# Im new :-) *few pictures*



## Salty_alydaR (Mar 24, 2008)

hes gorgeous!!

welcome to the forum! have fun posting!


----------



## LauraB (Nov 11, 2008)

Welcome, he is so cute!


----------



## free_sprtd (Oct 18, 2007)

wow how goregous!!! welcome and have fun chatting!


----------



## RusticWildFire (Jul 6, 2008)

Welcome to the forum! He's really pretty. Have fun posting


----------



## FGRanch (Feb 9, 2008)

Welcome!! Can't wait to hear more about Tommi!!!


----------



## booner (Aug 17, 2008)

he is so pretty!what is that thing on him in the last pic?


----------



## AftonPhenomenon (Dec 28, 2008)

booner said:


> he is so pretty!what is that thing on him in the last pic?


a lunge roller with side reins but unclipped the side reins while we did join up :lol:


----------



## appy rider 4 life (Nov 28, 2008)

Welcome he has to cute of a face!


----------



## booner (Aug 17, 2008)

thank you!understand now...


----------



## vicki (Dec 25, 2008)

he is a beauty, love the one of him relaxing


----------



## Kentucky (Aug 2, 2008)

Welcome and enjoy the ride ma'am. nice horse, which bred of trotter is he?


----------



## smrobs (Jul 30, 2008)

He is a cutie. Welcome to the forum.


----------



## AftonPhenomenon (Dec 28, 2008)

Kentucky said:


> Welcome and enjoy the ride ma'am. nice horse, which bred of trotter is he?


Standardbred


----------



## somersetfarms (Jan 6, 2009)

What a nice looking boy, I think Standardbreds look so regal.


----------



## horsegirl123 (Jan 7, 2009)

He has the cutest face ever!!! Welcome to the forum, i'm new as well.
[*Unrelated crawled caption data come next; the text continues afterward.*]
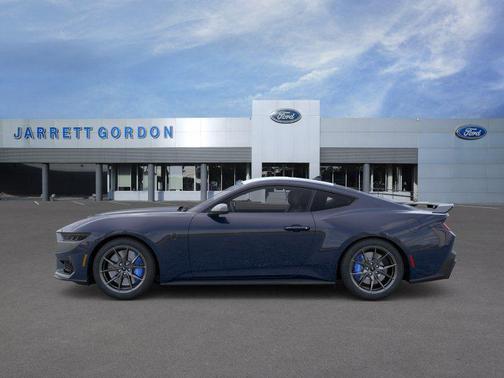 Blue 2025 Ford Mustang Dark Horse Fastback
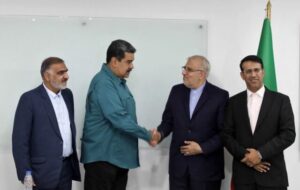 وزیر نفت با مادورو دیدار کرد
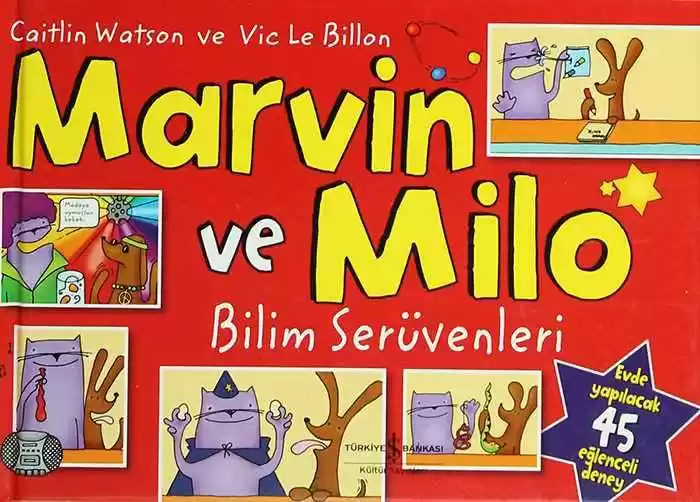 Marvin ve Milo kapağı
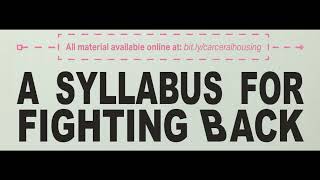 The Homeless Industrial Complex: A Syllabus for Fighting Back. Introduction & Syllabus. Audiobook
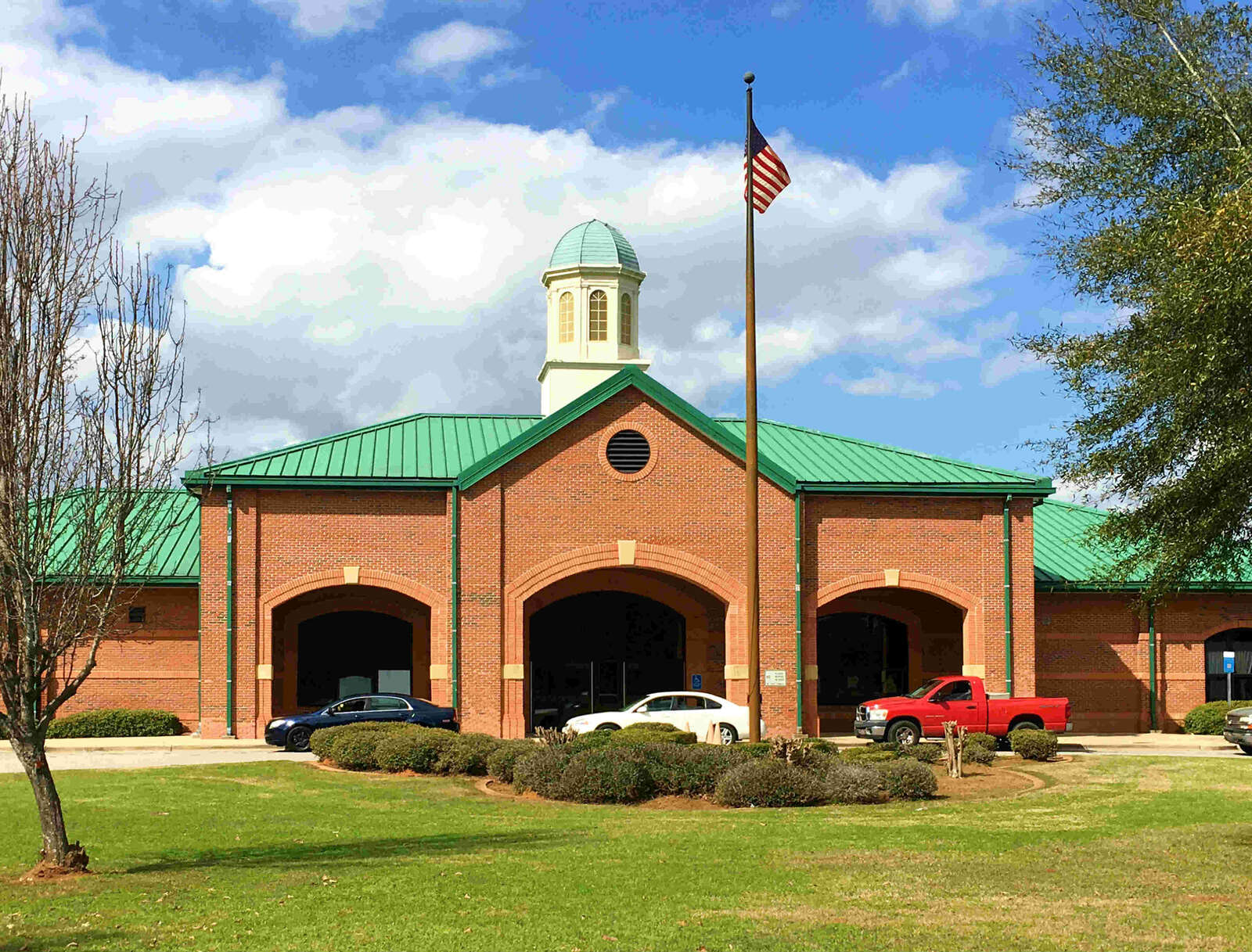 Alice Coachman Elementary School in Albany Georgia Hero Image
This is my second day!


----------



## mlkarel2010 (Jan 27, 2008)

Welcome to the forum! You sure have a handsome boy there


----------



## CremelloBeauty (Jan 7, 2009)

Wow gorgeous horse!
Welcome to the forum, I'm new too!


----------



## kchfuller (Feb 1, 2008)

so cute! welcome!


----------



## NorthernMama (Mar 12, 2008)

Welcome! He's a pretty boy! I have two OT-Standies too!


----------